El Guadalquivir pasa por Granada

Sevilla, la ciudad española inspiradora por excelencia de la ópera, ha tendido una mano a Granada, recuperando una ópera juvenil de Donizetti sobre amores, venganzas y clemencia final, con la Alhambra al fondo. Alahor en Granada se había representado únicamente en Palermo (1826 y 1830) y Nápoles (1826). Después, como tantos títulos, cayó en el olvido. Diferentes instituciones andaluzas han apoyado con entusiasmo su rescate. Pier Angelo Pelucchi ha revisado una copia manuscrita de la partitura conservada en la Biblioteca de la Universidad de Boston. La aventura era arriesgada y entra de lleno en la onda de un renacimiento Donizetti que sigue los pasos de los Haendel o Rossini. Los lazos entre la musicología y los teatros de ópera se ven reforzados con este tipo de operaciones.

Alahor en Granada

De Donizetti. Orquesta Ciudad de Granada. Director: Josep Pons. Director de escena: J. L. Castro. Escenografía: E. Frigerio. Figurinista: F. Squarciapino. Teatro de la Maestranza, 22 de octubre. Sevilla.

No figura, ni mucho menos, Alahor entre los títulos estelares de Donizetti. La influencia rossiniana es evidente. El oficio del compositor de Bergamo brilla más en escenas aisladas que en la concepción global. Algunas melodías han sido utilizadas en óperas posteriores del autor, una prueba más de la intercambiabilidad de una música que sirve tanto para un roto como para un descosido. Si se aceptan las reglas del juego, la importancia central del canto y la particular abstracción de este tipo de ópera, el interés y hasta el gozo están garantizados.

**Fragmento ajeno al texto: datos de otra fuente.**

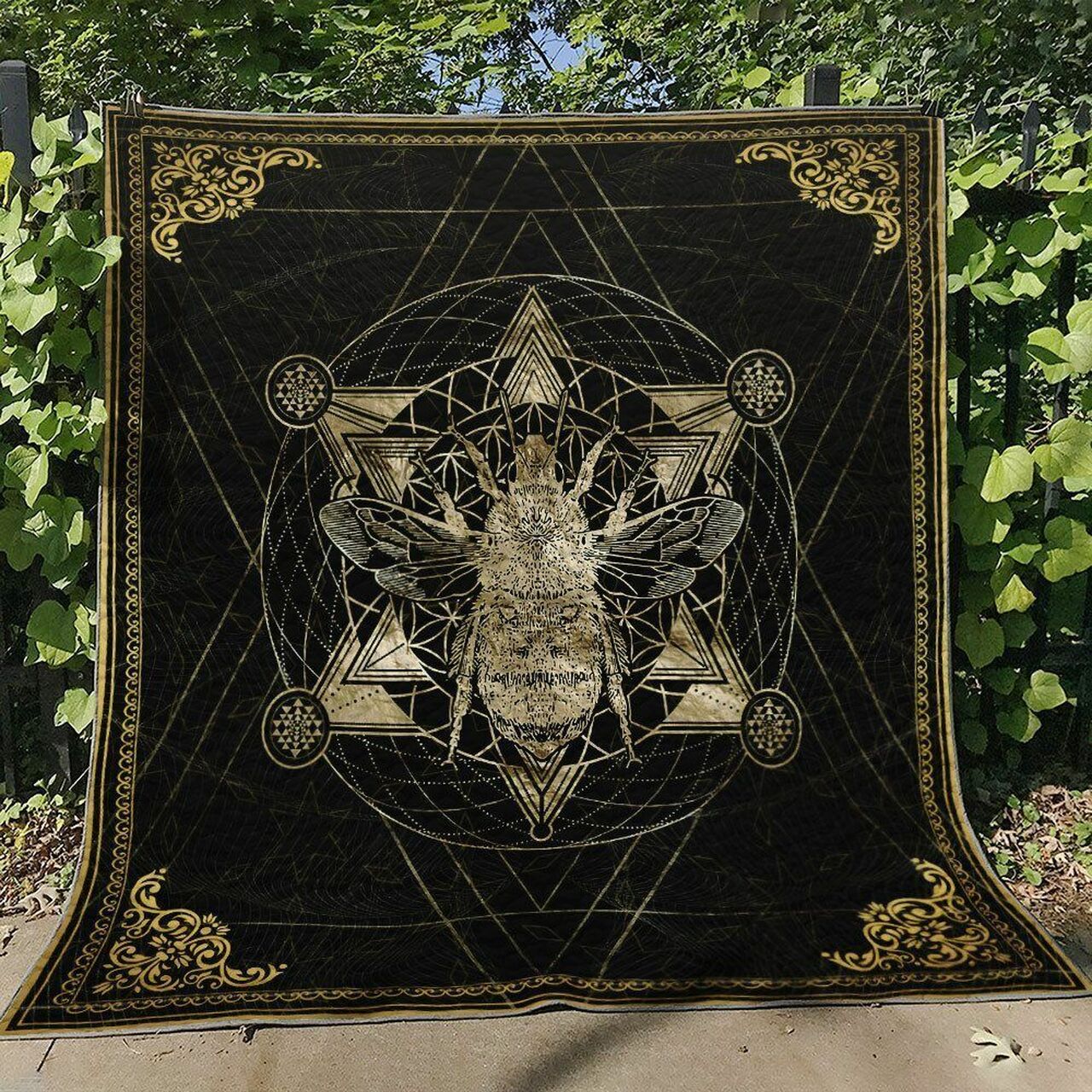 Bee Customizable Quilt Bedding Set for Bedroom Decor and Family Gifts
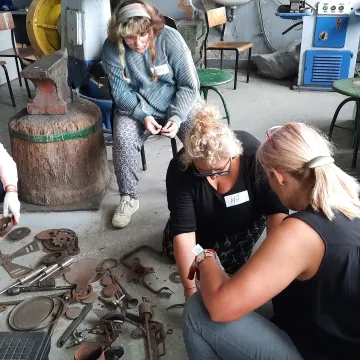 RaDOMsko Różewicza. Warsztaty spawania artystycznego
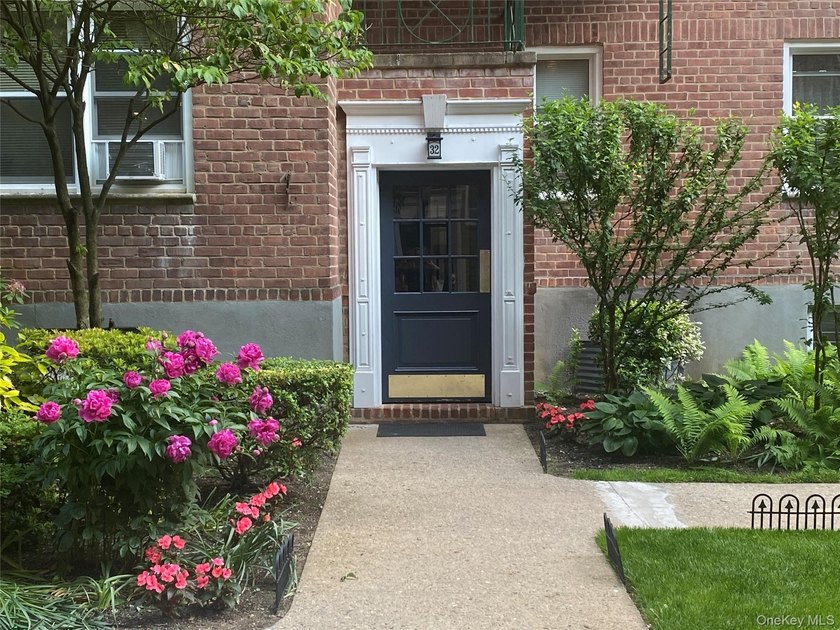 TOP FLOOR unit in the quiet gated community of Cathedral Gardens - photo 6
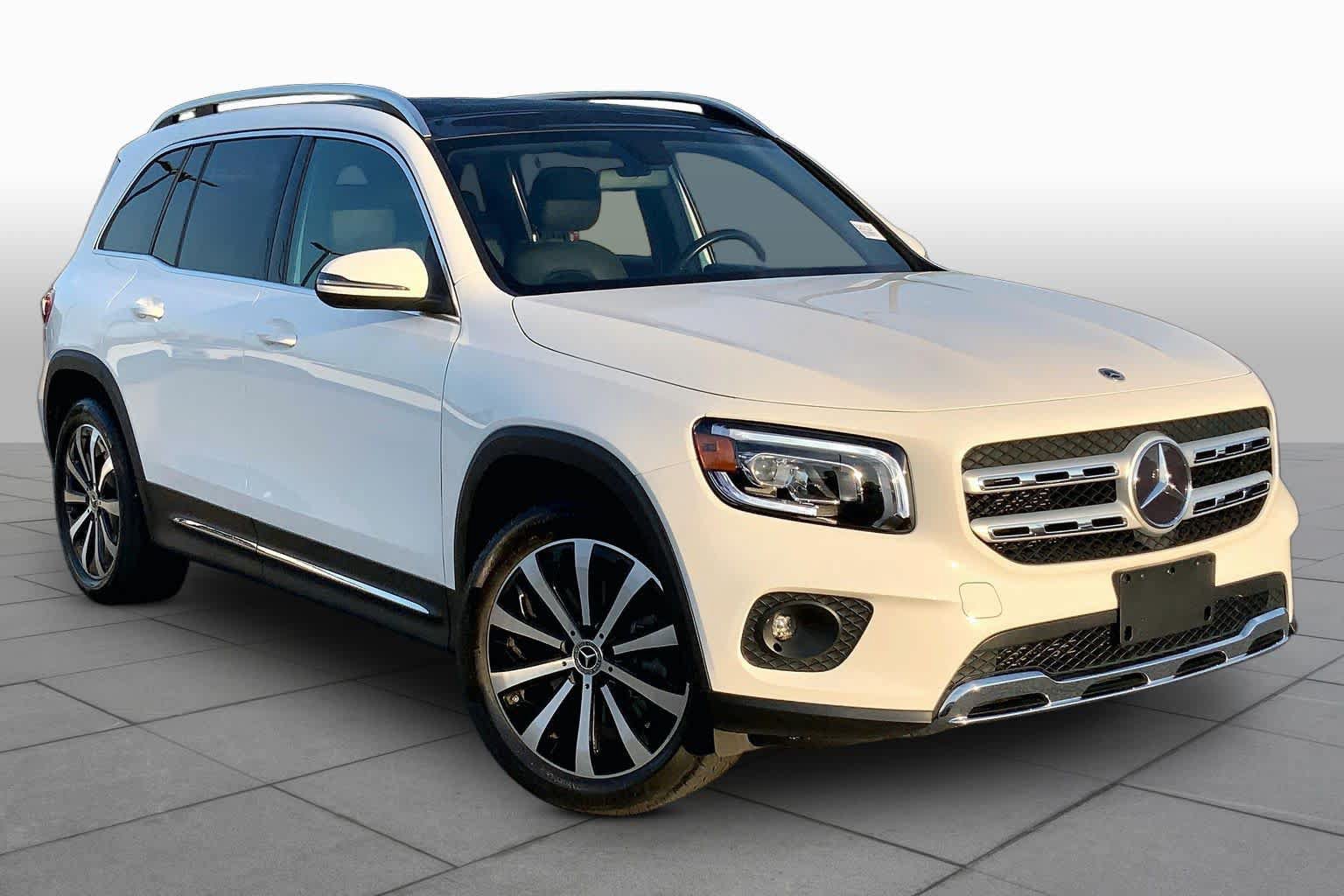 Used 2023 Mercedes-Benz GLB 250 4MATIC image 3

La partitura de Alahor es extremadamente difícil por el canto de forza, las coloraturas y las exigencias de un belcanto natural sin ningún tipo de concesiones. Simone Alaimo y Vivica Genaux entendieron en estilo, técnica y persuasión a sus personajes, el joven tenor Juan Diego Flórez lució un bello color vocal y una atractiva línea, aunque le faltó mordiente, y la soprano Patrizia Pace naufragó sin los necesarios recursos en un tipo de canto que no es el suyo, más cercano a la dulzura melódica del verismo que a los escollos de un belcanto sin red. Resultó solvente, en su breve cometido, Soralla Chaves.

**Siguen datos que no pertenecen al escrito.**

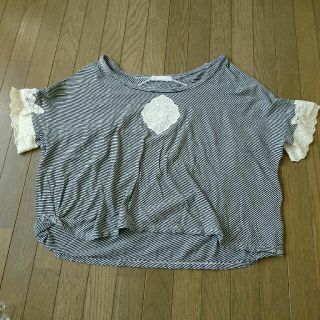 ジーナシス(JEANASIS)のジーナシス Tシャツ ボーダー レース 刺繍 丈短(Tシャツ(半袖/袖なし))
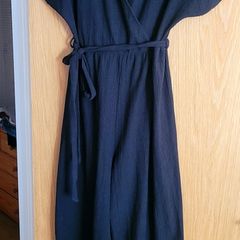 Black jumpstuit, size 14, 3/4 leg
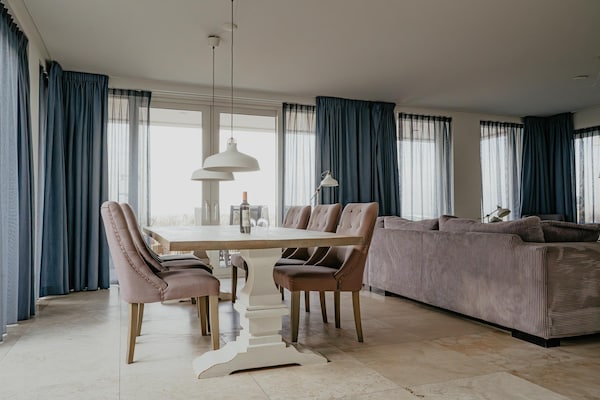 Foto van Appartement in Egmond aan Zee bij Strand - Vakantiehuis in Egmond aan zee - DiningRoom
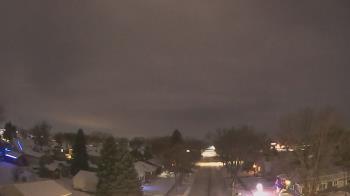 Weather camera view of Sibley East Middle and High School.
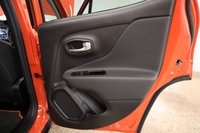 USED 2020 70 JEEP RENEGADE 1.0 LIMITED 5d 118 BHP GREAT COLOUR COMBINATION WITH LOW MILES
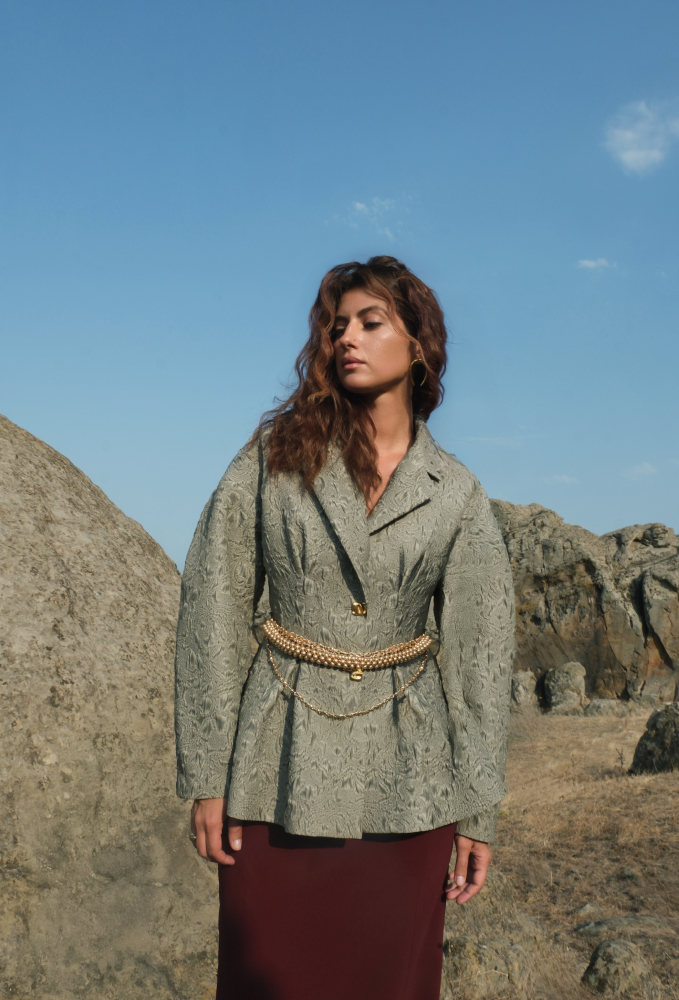 Жакет приталенный из жаккарда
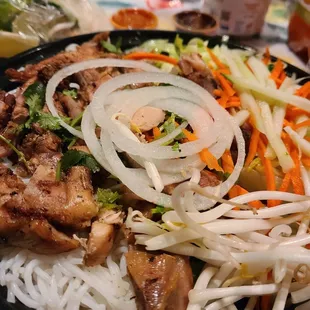 Grilled chicken vermicelli.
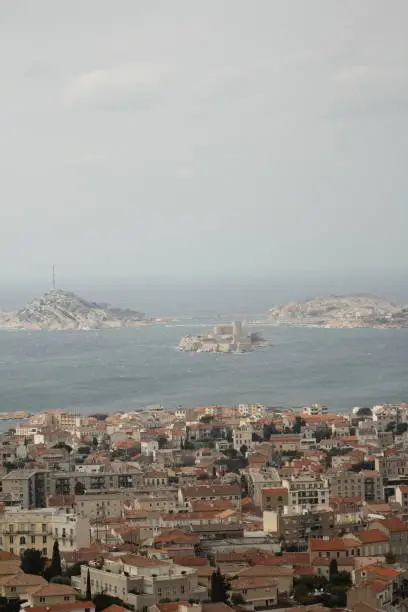 Small Islands next to the Marseille and a small castle with home views
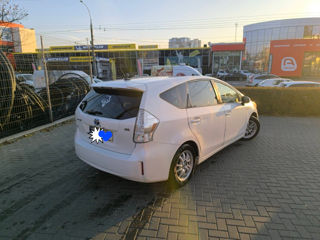 Toyota Prius v foto 2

Josep Pons -un director que combina admirablemente el repertorio tradicional con las obras más actuales- tiene la ópera metida en el cuerpo. Llevó la representación con buen pulso, acentuando las situaciones de una mínima consistencia dramática y abandonándose a la concertación cuando las voces adquirían protagonismo.

Ezio Frigerio contempló escenográficamente el mundo granadino con ojos románticos. Es una opción más que justificada con el soporte de una música nacida en el primer tercio del XIX. El espectacular y estilizado apartado visual deslumbró más que emocionó. Contó con el brillante apoyo cromático del matizado vestuario de Franca Squarciapino y con una iluminación que insistía en el claroscuro.

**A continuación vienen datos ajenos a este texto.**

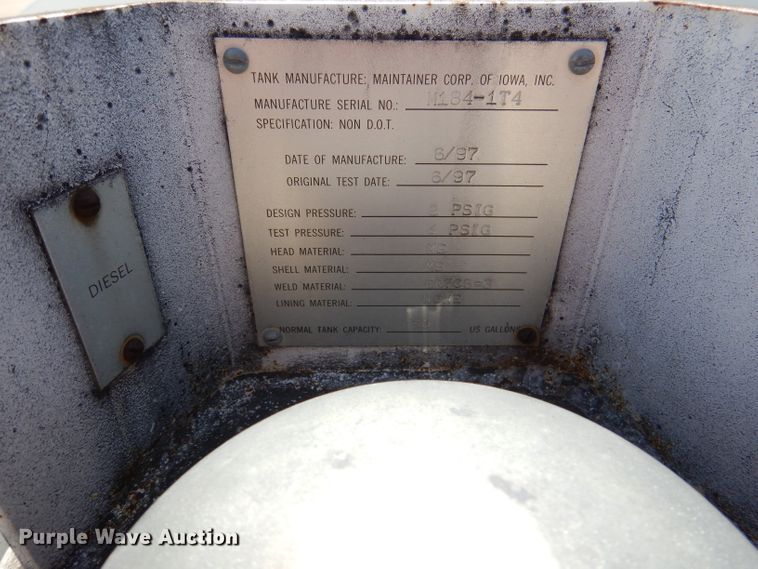 image for item DL4763 1992 Kenworth T400  fuel truck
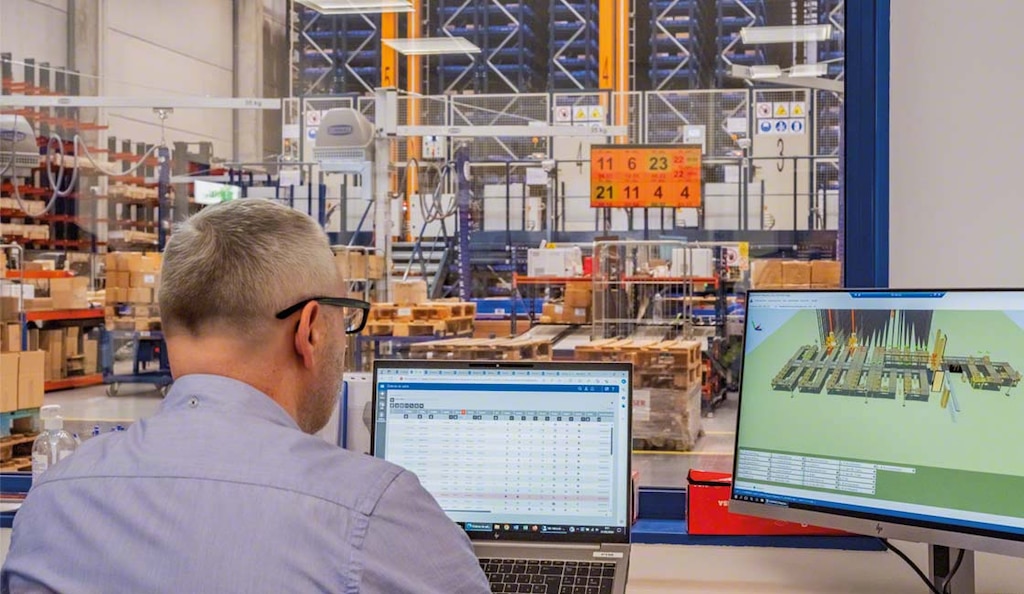 Un proyecto de relocalización de un depósito se estructura en fases para asegurar un traslado ordenado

El director de escena, José Luis Castro, ante un libreto tan disparatado y una escenografía tan poderosa, subrayó el lado más convencional de los personajes. No tenía otra opción. Su composición de grupos adoptó tintes geométricos y esteticistas en función del canto. El orden se impuso frente al toque personal. Su elogiable sencillez contribuyó a la unidad del espectáculo. El programa de mano, coordinado por Ramón Serrera, estuvo a la altura informativa y rigurosa que la ocasión requería.

Fue un éxito que deja en el aire interrogantes. ¿Será posible algún día ver un esfuerzo semejante en Sevilla con títulos tan fundamentales de la ópera como Orfeo, de Monteverdi, o Wozzeck, de Berg. El Guadalquivir se alegraría al contemplar estas nuevas orillas.